In the past week, I've had the chance to touch base with Cliff Lee and Chan Ho Park, two short-term visitors to the Philly area--and two guys who seem to wish they were in Clearwater this month.  Both pitched well in 2009, and both hoped to return this season.  Lee, of course, was part of the Halladay mega-deal.  Park was, in Brad Lidge's estimation, "the MVP of our bullpen" last season, but the team did not re-sign him. 
After failing to reach an agreement with agent Jeff Borris in December, the Phils moved on to sign Danys Baez and Jose Contreras instead.  It was a gamble for the team, swapping a known quantity for two players yet to succeed in Philadelphia.  And for Park, like Lee, it was extremely disappointing. The more you see former Phillies shake their heads, shrug, and say how much they loved it in that clubhouse, the more real the Phils current reputation seems.
Park was no exception.  Standing in the locker room of the defending champs, dressed in the iconic pinstripes, Park made clear that he regretted leaving Philadelphia.
He began by saying the right things about becoming a Yankee.  "They have the most history, and they are popular in the world, even in Korea," Park said.  "When I grew up, they were a symbol--New York.  Yankees."
But he spent most of his time yesterday talking about an off-season he called "frustrating."
"I had a wish after the season," he said.  "Philadelphia was the no. 1 choice.  I had a tough time leaving there.  I had much support from fans and community, and I had the best teammates there, so..."

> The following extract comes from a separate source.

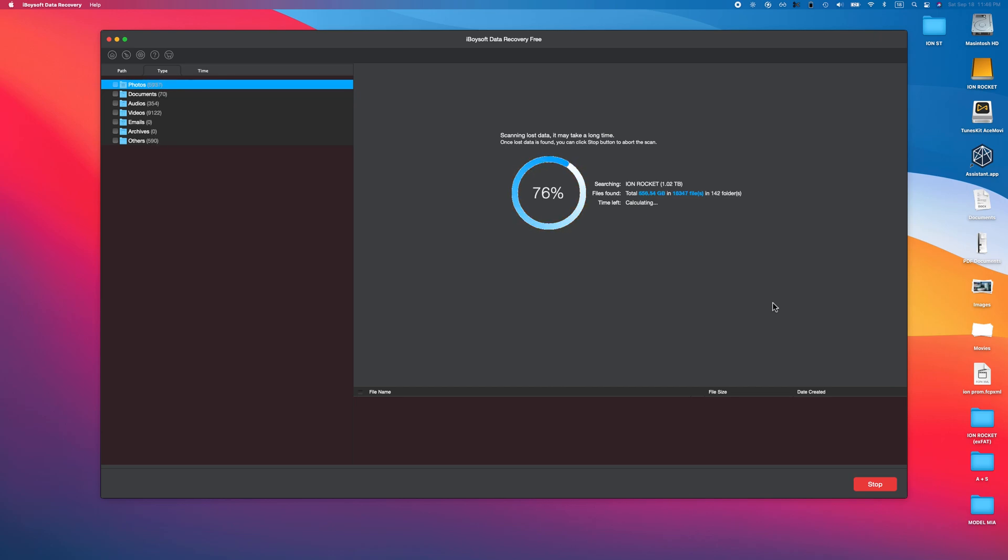I'm hoping it doesn't take a long time, but we're going to see how long it takes because this thing is scanning one terabyte. But I am faithful because it says it's already scanned around 800 gigabytes out of my one terabyte, so that's pretty good and we're already at 76%.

Well, he was asked, why didn't it work out with the Phils? 
"Too late. Too late. Too late.  It didn't work well in the beginning, and later on, too late," he said.
Basically, Park orginally expected a raise from the Phils, feeling that a strong performance had earned him more than the $2.5 million he made in 2009.  His agents negotiated with Amaro through mid-December, and then the Phils decided to move on.  Park was shocked.
"They were talking, and it didn't work," he said.  "Trying to get a deal, and it didn't work out, and then later on they just gave up, and I lost."
He eventually signed for one year, $1.2 million to become a Yankees reliever.  Park said that while he still preferred starting--and claimed to have drawn interest as a starter from several teams, though he declined to name those teams--he was more comfortable in the relief role than ever before.
"I knew a lot of teams were going to expect more" from him as a reliever, Park said.  I" had success in the bullpen last year and the year before."
Park also addressed the criticism leveled by Charlie Manuel this winter.  In complimenting Baez and Contreras as pitchers who would never refuse to take the ball, even if injured, Manuel was clearly taking a shot at Park.  It is likely that Manuel's view of Park as a victim of frequent minor injuries contributed to the Phils lack of aggressiveness in pursuing the pitcher.
"I was disappointed in what he said," said Park.  "That's what he thinks, but I don't think it has any meaning.  He still is my favorite manager. I didn't talk to him, and I didn't believe it (when he first heard about the comments).  But who cares? He's still my favorite manager.  The whole team; they're the best.  That's why it's so difficult to leave.  The fans, especially the fans. They're the best. 
"(It is) mostly sad...to leave Philadelphia.  I had fun last year. Good memories and things.  That makes me sad,  but in the future (I'm on) a good team, and we have a chance to win.  That's what's most important."